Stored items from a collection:

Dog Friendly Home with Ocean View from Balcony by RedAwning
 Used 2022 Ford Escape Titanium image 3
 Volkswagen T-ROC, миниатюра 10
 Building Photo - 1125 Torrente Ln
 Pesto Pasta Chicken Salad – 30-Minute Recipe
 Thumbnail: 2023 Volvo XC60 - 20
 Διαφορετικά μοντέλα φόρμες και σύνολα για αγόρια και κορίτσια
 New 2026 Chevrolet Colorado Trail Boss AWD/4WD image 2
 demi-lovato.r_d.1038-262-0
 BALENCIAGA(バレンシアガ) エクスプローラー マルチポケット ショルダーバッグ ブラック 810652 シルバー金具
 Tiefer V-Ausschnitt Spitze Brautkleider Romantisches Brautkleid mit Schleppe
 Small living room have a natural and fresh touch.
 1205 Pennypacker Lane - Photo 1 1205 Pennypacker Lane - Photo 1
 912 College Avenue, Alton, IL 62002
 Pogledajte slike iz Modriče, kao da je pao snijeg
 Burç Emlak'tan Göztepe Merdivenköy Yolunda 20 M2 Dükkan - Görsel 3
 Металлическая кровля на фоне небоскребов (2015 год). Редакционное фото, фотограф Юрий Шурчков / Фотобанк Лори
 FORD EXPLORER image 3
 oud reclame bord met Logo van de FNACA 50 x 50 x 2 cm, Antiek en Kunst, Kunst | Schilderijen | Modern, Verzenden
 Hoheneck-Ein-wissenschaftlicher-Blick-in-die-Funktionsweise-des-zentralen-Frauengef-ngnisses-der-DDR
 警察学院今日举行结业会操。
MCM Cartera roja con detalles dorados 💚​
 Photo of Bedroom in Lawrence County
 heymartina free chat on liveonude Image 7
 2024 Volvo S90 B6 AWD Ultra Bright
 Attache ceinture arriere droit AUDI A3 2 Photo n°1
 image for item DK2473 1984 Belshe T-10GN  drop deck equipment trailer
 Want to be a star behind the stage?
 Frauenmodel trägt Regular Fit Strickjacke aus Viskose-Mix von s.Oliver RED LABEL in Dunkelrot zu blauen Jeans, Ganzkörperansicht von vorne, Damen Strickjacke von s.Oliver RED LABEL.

TRY IT: When you reach the line holding "Used 2022 Ford Escape Titanium image 3" in the records above, begin reproducing exactly, stop after the line holding "BALENCIAGA(バレンシアガ) エクスプローラー マルチポケット", and output nothing else.

EXERCISE OUTPUT:
 Used 2022 Ford Escape Titanium image 3
 Volkswagen T-ROC, миниатюра 10
 Building Photo - 1125 Torrente Ln
 Pesto Pasta Chicken Salad – 30-Minute Recipe
 Thumbnail: 2023 Volvo XC60 - 20
 Διαφορετικά μοντέλα φόρμες και σύνολα για αγόρια και κορίτσια
 New 2026 Chevrolet Colorado Trail Boss AWD/4WD image 2
 demi-lovato.r_d.1038-262-0
 BALENCIAGA(バレンシアガ) エクスプローラー マルチポケット ショルダーバッグ ブラック 810652 シルバー金具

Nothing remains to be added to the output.